INSTRUCTIONS TO FOLLOW: Repeat exactly the stretch of lines that starts with the one containing "Snapshot of Lulu125216" and ends with the last line of the material. Leave out pictures.

RECORDED INFORMATION:
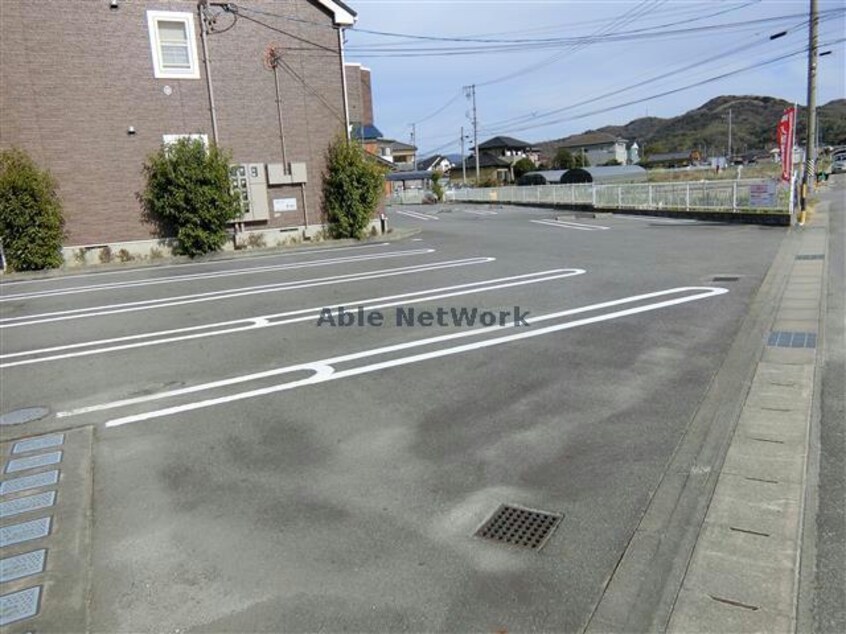  名鉄バス（岡崎市）/南中島 徒歩3分 1階 築21年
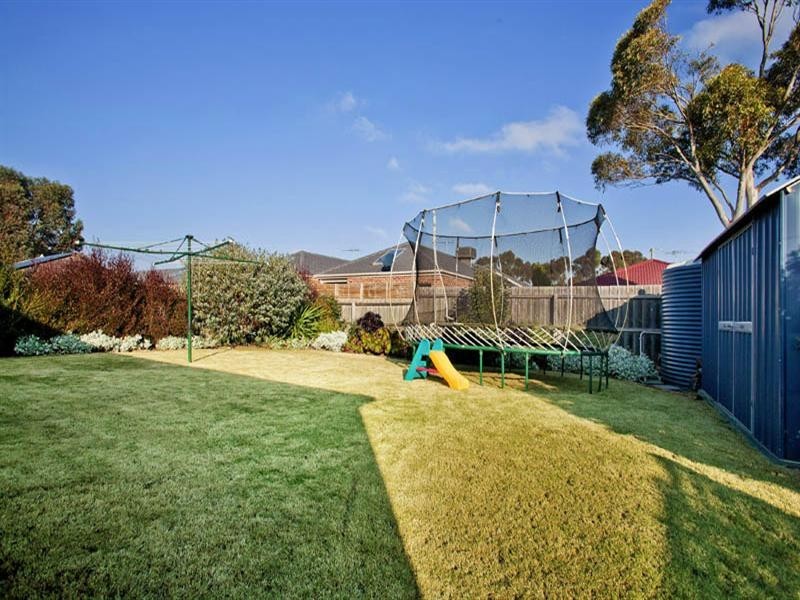 16 Brownlow Court, Lara VIC 3212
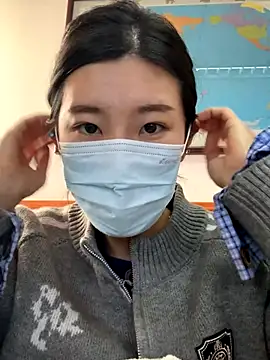 Snapshot of Lulu125216 chatting on November 2025 04:49:02 AM Lulu125216 online show from November 2025 04:49:02 AM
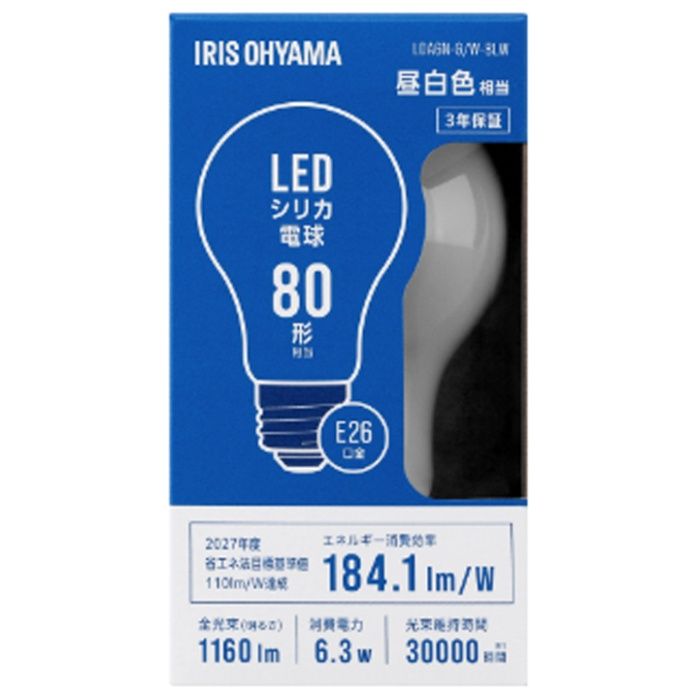 [特長]：■トップランナー制度対応、2027年度省エネ法目標基準値達成のLED電球です。エネルギー消費効率184lm/W以上の高効率で、電気代の節約にもつながります。シリカ電球は内面をケイ素（シリカ）で塗装することで眩しさを抑え、柔らかく自然な光が特徴のLEDシリカ電球です。330°に明るい全方向タイプなので、ダウンライト・ブラケット・ペンダント・浴室灯や屋外玄関灯※などの照明に最適です。口金サイズがE26口金なので、照明器具を替えることなくご使用いただけます。断熱材施工器具、密閉器具（浴室灯等）、屋外用器具※など幅広い器具にも設置可能です。（※屋外使用には条件がありますので、お買い求めの前にご確認ください）。光束維持時間約30000時間で、ランプ交換の手間が少ないLEDシリカ電球です。光色は自然光に近い光の色を演出する「昼白色相当」と温かみのある「電球色相当」の2種類です。本製品は3年保証です。[仕様]：■●口金サイズ：E26●光色：昼白色相当●定格消費電力：6.3W●定格入力電流：0.108A●全光束：1160lm●配光角：約330°●光束維持時間：30000時間●演色性：Ra83●電源：AC100V（50/60Hz共用）●使用場所：屋内用●ランプ全体の明るさ：一般電球80形相当●エネルギー消費効率：184.1lm/W●断熱材施工器具、密閉形器具、屋外用器具に対応※屋外使用には条件がありますので、「お買い求めの前に」をよくお読みください。●保証期間：お買い上げ日より3年間[素材]：■アルミ、ポリカーボネート、PBT[生産国]：■中国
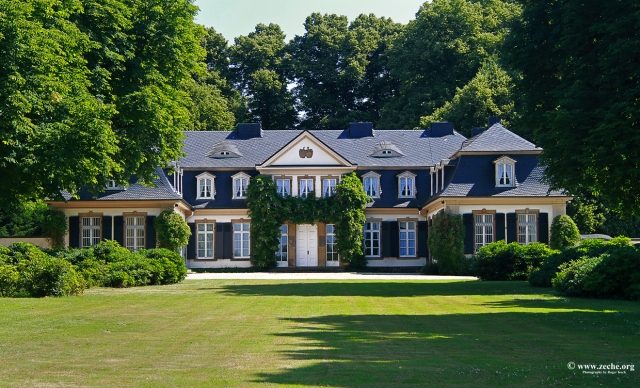 Krüdersheide Manor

EXERCISE RESULT:
 Snapshot of Lulu125216 chatting on November 2025 04:49:02 AM Lulu125216 online show from November 2025 04:49:02 AM
 [特長]：■トップランナー制度対応、2027年度省エネ法目標基準値達成のLED電球です。エネルギー消費効率184lm/W以上の高効率で、電気代の節約にもつながります。シリカ電球は内面をケイ素（シリカ）で塗装することで眩しさを抑え、柔らかく自然な光が特徴のLEDシリカ電球です。330°に明るい全方向タイプなので、ダウンライト・ブラケット・ペンダント・浴室灯や屋外玄関灯※などの照明に最適です。口金サイズがE26口金なので、照明器具を替えることなくご使用いただけます。断熱材施工器具、密閉器具（浴室灯等）、屋外用器具※など幅広い器具にも設置可能です。（※屋外使用には条件がありますので、お買い求めの前にご確認ください）。光束維持時間約30000時間で、ランプ交換の手間が少ないLEDシリカ電球です。光色は自然光に近い光の色を演出する「昼白色相当」と温かみのある「電球色相当」の2種類です。本製品は3年保証です。[仕様]：■●口金サイズ：E26●光色：昼白色相当●定格消費電力：6.3W●定格入力電流：0.108A●全光束：1160lm●配光角：約330°●光束維持時間：30000時間●演色性：Ra83●電源：AC100V（50/60Hz共用）●使用場所：屋内用●ランプ全体の明るさ：一般電球80形相当●エネルギー消費効率：184.1lm/W●断熱材施工器具、密閉形器具、屋外用器具に対応※屋外使用には条件がありますので、「お買い求めの前に」をよくお読みください。●保証期間：お買い上げ日より3年間[素材]：■アルミ、ポリカーボネート、PBT[生産国]：■中国
 Krüdersheide Manor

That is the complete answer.